The mechanisms of how this decision came to be made—how Jared Kushner, using money from foreign governments, convinced a vulnerable and desperate president to order bombing that would injure millions of ordinary Americans—reveal something fundamental about the collapse of American institutions in this moment. There was no cabal. There was no secret meeting where a conspiracy was hatched. Instead, there was a structure: a president desperate for affirmation and approval, a son-in-law with access to foreign capital and willingness to use it to gain influence, intelligence experts who were fired or marginalized when they told inconvenient truths, a Congress that would not check executive power, media figures who amplified the false narrative, and an administrative apparatus so gutted by ideological purges that when the moment came to implement this decision, there was no one left inside the government with the expertise to ask whether it made sense. This is how democracies actually end. Not with tanks in the streets. Not with constitutional amendments suspending rights. Instead, they end through the slow, methodical colonization of the institutions that are supposed to constrain power. They end when the people whose job it is to tell the president he is wrong are fired, sidelined, or forced to keep silent. They end when the institutions that collect and analyze facts are gutted by people who do not believe in facts. They end when a single person—Jared Kushner, in this case, or someone very much like him—can operate as an unaccountable agent of foreign powers while shaping the most consequential decisions of state.

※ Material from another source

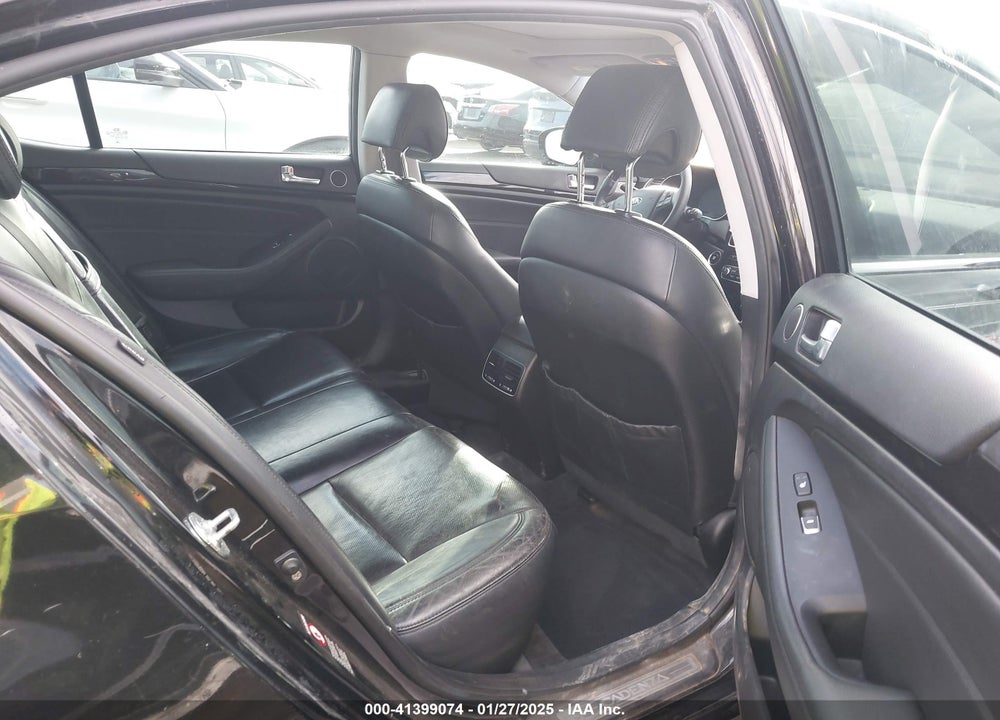 2014 KIA CADENZA VIN: KNALN4D72E5167092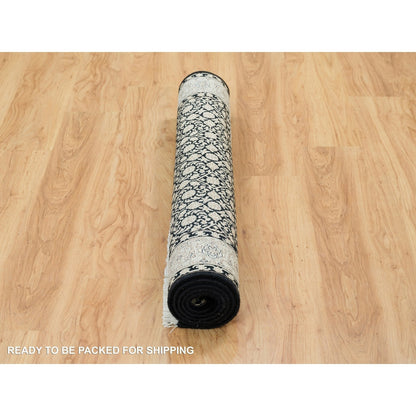 4'1"X6' Eerie Black Hand Knotted Herrita Design 250 Kpsi 100% Wool Rug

Joe Kent understood this. That is why his resignation mattered. He was not just resigning from a position. He was bearing witness to the machinery of capture. He was saying: I was inside this system, and the system is broken. The decision was made not by the person with constitutional authority to make it, but by people he owes money to and people he is afraid of disappointing. The intelligence was falsified. The experts were purged. The Congress did not act. The courts did nothing. And now Americans are dying in a war that was made possible by the convergence of foreign capital, personal greed, ideological capture, and institutional collapse. This is where we are. This is how the apparatus operates now. And the war in Iran was only the beginning of what would be lost as the machinery of capture accelerated toward its endpoint.
PART II THE COLLAPSE
How the Systems That Constrain Power Are Systematically Dismantled
The Iran war is not the central story. It is a symptom. The central story is what happens when you deliberately hollow out every institution that is supposed to check executive power, distribute expertise, and maintain the basic functions a government needs to operate. The Iran war happens because those systems have already failed. And by mid-March 2026, the evidence that they have failed is no longer theoretical. It is written on TSA workers’ faces at airports on day thirty-two of unpaid labor. It is visible in the structural dysfunction of the Department of Justice. It is encoded in legislation deliberately designed to suppress voting. It is visible in the decisions being made by twenty-eight-year-olds armed with ChatGPT and no accountability. The collapse did not begin on February 28, 2026, when the bombing started. It began in July 2025, when Trump’s DOGE initiative—the makeshift committee created to “eliminate waste”—began laying off federal employees across every agency. But the collapse did not announce itself as collapse. It announced itself as efficiency. The narrative was: these are bloated bureaucracies filled with career civil servants who exist only to protect their own positions. Removing them will make government leaner, faster, more responsive to the president’s will. Nobody inside the Trump administration appeared to understand—or if they understood, nobody cared—that the people being fired were the ones with institutional memory, with expertise, with relationships that held the system together.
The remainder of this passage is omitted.